Zourabl Tsetchoïev aurait été conduit au siège du Service fédéral de sécurité (FSB) de Magas, où il aurait été placé dans une pièce du sous-sol. Il aurait ensuite été roué de coups et soumis à divers autres mauvais traitements par des agents des services de l’État. Tout en le frappant, ces derniers auraient fait allusion à son action au sein de l’organisation non gouvernementale de défense des droits humains MASHR, l’accusant d’être impliqué dans la publication, sur le site Internet d’opposition Ingushetiya.ru, d’une liste donnant les noms de plusieurs membres des forces de sécurité accusés d’avoir organisé des enlèvements et des meurtres en Ingouchie, ainsi que divers autres renseignements les concernant. Zourabl Tsetchoïev nie toute responsabilité dans cette affaire. Les fonctionnaires qui l’interrogeaient auraient contrôlé son ordinateur et ses téléphones portables.
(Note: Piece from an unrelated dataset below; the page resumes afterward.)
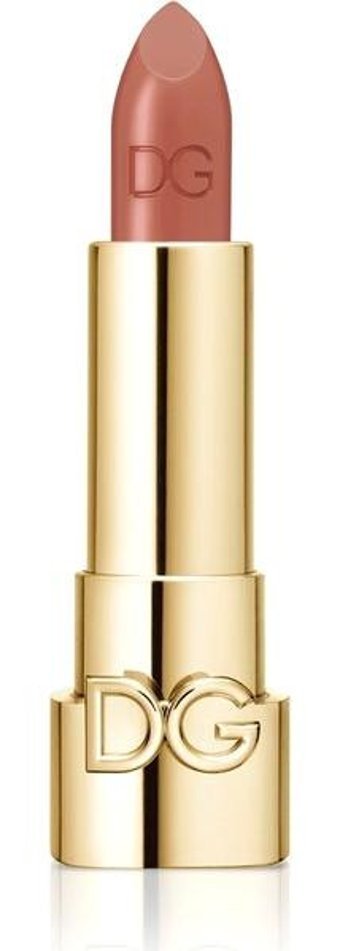 Dolce&Gabbana The Only One 125 Nude Parlak Krem Lipstick Ruj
La nouvelle de son arrestation commençant à faire un certain bruit, Zourabl Tsetchoïev aurait finalement été relâché. Avant de le libérer, ses tortionnaires auraient toutefois menacé de le tuer, lui et sa famille, si jamais il décidait de porter plainte, s’il ne renonçait pas à son action au sein de MASHR et s’il n’avait pas quitté l’Ingouchie au mois de septembre.

Amnesty International demande aux autorités de veiller à ce qu’une enquête indépendante, approfondie et impartiale soit menée dans les meilleurs délais sur l’arrestation arbitraire, les mauvais traitements et les menaces dont aurait fait l’objet Zourabl Tsetchoïev, et de faire en sorte que tout responsable présumé soit traduit en justice.

Les autorités russes doivent respecter et protéger le droit des défenseurs des droits humains de mener à bien leurs actions, sans être victimes d’entraves, de manoeuvres d’intimidation ou d’actes de harcèlement, conformément à la Déclaration de l’ONU sur les défenseurs des droits humains.

Complément d’information

L’organisation MASHR dénonce et combat les atteintes graves aux droits humains commises en Ingouchie. Elle est particulièrement engagée dans la lutte contre les disparitions forcées et les enlèvements. Zourabl Tsetchoïev est le responsable de son site Internet.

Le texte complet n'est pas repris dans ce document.